▸ What you have to do
The required output is the exact run of lines below that opens at the line with "Townhouse 1363 Hotel Lindo Lugar" and closes at the line with "Säljer dessa Levis".

[Source records]

======

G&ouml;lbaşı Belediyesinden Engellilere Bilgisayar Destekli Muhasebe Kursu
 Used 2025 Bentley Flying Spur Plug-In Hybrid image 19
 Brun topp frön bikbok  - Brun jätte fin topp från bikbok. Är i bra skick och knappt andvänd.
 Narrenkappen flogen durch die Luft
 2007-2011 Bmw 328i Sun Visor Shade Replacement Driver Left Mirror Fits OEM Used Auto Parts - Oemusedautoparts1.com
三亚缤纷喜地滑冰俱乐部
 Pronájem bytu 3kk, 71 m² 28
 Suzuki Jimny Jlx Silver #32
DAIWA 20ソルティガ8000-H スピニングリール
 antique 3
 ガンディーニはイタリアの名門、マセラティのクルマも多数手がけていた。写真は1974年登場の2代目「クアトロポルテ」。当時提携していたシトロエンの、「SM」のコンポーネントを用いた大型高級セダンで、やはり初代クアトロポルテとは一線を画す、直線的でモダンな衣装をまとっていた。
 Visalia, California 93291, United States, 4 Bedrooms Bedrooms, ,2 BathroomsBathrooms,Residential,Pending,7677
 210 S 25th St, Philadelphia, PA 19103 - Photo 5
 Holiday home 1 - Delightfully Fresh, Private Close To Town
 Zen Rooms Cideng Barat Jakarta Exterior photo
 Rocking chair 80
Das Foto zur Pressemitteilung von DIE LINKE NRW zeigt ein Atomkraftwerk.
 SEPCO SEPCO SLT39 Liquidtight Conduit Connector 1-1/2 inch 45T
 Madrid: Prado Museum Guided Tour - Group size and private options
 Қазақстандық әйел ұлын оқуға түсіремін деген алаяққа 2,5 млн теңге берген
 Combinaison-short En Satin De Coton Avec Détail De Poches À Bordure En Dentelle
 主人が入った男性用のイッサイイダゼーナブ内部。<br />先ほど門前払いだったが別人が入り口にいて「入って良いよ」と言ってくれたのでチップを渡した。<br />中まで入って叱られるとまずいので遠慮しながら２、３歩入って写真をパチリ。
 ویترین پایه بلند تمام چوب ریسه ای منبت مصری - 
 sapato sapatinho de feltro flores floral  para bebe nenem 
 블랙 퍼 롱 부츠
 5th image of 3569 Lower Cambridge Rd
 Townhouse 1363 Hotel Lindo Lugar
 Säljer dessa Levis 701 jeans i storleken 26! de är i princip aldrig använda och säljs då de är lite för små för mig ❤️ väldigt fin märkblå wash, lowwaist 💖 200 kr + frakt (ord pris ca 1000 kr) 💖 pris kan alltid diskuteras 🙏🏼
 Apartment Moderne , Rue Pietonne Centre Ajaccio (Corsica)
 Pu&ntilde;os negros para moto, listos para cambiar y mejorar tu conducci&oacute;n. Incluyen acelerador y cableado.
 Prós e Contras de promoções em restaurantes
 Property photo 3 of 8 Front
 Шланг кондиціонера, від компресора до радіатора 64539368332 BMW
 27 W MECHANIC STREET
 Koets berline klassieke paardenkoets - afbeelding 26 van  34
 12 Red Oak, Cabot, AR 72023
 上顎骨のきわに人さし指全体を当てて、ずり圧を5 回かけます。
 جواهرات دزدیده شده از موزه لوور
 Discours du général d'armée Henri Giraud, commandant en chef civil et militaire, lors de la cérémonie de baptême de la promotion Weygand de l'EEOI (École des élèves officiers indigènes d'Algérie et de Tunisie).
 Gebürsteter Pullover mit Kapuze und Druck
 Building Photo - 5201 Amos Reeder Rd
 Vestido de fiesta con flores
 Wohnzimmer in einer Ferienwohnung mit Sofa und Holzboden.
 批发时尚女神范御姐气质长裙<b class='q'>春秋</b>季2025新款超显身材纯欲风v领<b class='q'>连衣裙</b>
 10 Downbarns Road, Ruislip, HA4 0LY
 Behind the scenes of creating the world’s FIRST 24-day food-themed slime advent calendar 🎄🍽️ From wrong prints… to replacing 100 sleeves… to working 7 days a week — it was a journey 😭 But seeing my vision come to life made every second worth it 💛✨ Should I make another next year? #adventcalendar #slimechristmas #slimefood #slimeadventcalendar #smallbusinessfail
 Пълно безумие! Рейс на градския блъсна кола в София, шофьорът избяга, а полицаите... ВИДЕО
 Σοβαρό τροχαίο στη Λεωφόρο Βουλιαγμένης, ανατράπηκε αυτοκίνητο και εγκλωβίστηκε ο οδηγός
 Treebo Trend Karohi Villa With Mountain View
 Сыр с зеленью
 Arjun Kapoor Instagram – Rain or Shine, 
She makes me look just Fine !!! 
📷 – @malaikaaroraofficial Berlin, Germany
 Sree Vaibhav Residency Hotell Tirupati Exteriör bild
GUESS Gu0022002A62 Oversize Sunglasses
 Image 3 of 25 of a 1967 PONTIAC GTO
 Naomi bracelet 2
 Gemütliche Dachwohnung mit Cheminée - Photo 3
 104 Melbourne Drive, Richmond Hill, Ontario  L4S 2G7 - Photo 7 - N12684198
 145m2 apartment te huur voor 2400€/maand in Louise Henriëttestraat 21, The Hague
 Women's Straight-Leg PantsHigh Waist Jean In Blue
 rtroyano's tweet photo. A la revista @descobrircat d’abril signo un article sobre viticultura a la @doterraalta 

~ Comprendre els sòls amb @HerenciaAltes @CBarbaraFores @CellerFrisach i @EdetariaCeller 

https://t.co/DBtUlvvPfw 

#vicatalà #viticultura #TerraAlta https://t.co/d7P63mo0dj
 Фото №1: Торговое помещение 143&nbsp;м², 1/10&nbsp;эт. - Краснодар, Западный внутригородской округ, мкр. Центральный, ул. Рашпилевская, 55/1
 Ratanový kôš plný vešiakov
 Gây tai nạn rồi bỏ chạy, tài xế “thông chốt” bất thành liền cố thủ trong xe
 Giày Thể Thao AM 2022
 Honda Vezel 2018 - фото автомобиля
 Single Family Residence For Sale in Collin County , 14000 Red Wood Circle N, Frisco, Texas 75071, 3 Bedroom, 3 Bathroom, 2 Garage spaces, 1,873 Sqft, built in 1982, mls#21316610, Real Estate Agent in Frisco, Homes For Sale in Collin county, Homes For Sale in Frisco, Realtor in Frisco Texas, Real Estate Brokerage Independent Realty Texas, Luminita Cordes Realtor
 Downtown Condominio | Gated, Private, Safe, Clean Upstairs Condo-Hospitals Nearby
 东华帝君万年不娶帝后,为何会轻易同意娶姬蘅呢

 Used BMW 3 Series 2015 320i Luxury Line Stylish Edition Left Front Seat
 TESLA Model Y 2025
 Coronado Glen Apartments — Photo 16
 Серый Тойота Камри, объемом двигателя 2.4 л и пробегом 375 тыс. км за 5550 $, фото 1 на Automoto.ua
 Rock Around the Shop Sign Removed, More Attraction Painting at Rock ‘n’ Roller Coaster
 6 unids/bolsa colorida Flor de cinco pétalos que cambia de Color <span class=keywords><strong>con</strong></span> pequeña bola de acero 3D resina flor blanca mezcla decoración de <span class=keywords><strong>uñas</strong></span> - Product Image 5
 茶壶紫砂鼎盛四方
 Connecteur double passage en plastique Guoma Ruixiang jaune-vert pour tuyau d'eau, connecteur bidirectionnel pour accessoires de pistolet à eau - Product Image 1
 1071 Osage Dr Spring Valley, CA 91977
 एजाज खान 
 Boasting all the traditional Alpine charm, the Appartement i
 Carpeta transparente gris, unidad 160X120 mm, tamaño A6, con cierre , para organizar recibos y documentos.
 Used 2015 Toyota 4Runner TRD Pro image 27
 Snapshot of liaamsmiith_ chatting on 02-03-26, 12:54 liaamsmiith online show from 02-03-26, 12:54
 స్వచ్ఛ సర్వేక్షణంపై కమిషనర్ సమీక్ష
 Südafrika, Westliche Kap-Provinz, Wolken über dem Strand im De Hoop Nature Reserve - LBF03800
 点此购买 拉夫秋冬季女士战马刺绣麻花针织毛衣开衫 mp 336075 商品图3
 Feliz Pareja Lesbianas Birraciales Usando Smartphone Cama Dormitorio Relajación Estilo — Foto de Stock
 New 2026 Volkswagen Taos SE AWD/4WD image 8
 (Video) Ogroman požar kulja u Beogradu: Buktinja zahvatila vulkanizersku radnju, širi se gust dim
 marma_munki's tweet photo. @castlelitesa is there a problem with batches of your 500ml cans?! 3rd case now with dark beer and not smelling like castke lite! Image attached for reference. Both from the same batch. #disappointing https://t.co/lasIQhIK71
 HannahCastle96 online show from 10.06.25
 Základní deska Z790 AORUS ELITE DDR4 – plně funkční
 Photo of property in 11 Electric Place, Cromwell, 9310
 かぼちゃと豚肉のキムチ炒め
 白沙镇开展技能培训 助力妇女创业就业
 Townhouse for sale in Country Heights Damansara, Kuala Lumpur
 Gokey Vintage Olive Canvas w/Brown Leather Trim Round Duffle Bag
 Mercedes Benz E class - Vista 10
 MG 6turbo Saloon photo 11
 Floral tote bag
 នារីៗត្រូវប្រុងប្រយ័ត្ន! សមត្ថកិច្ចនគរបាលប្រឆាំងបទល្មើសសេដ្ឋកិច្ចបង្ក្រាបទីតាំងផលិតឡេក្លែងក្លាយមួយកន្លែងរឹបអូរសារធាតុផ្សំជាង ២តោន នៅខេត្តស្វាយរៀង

======

▸ Written response
 Townhouse 1363 Hotel Lindo Lugar
 Säljer dessa Levis 701 jeans i storleken 26! de är i princip aldrig använda och säljs då de är lite för små för mig ❤️ väldigt fin märkblå wash, lowwaist 💖 200 kr + frakt (ord pris ca 1000 kr) 💖 pris kan alltid diskuteras 🙏🏼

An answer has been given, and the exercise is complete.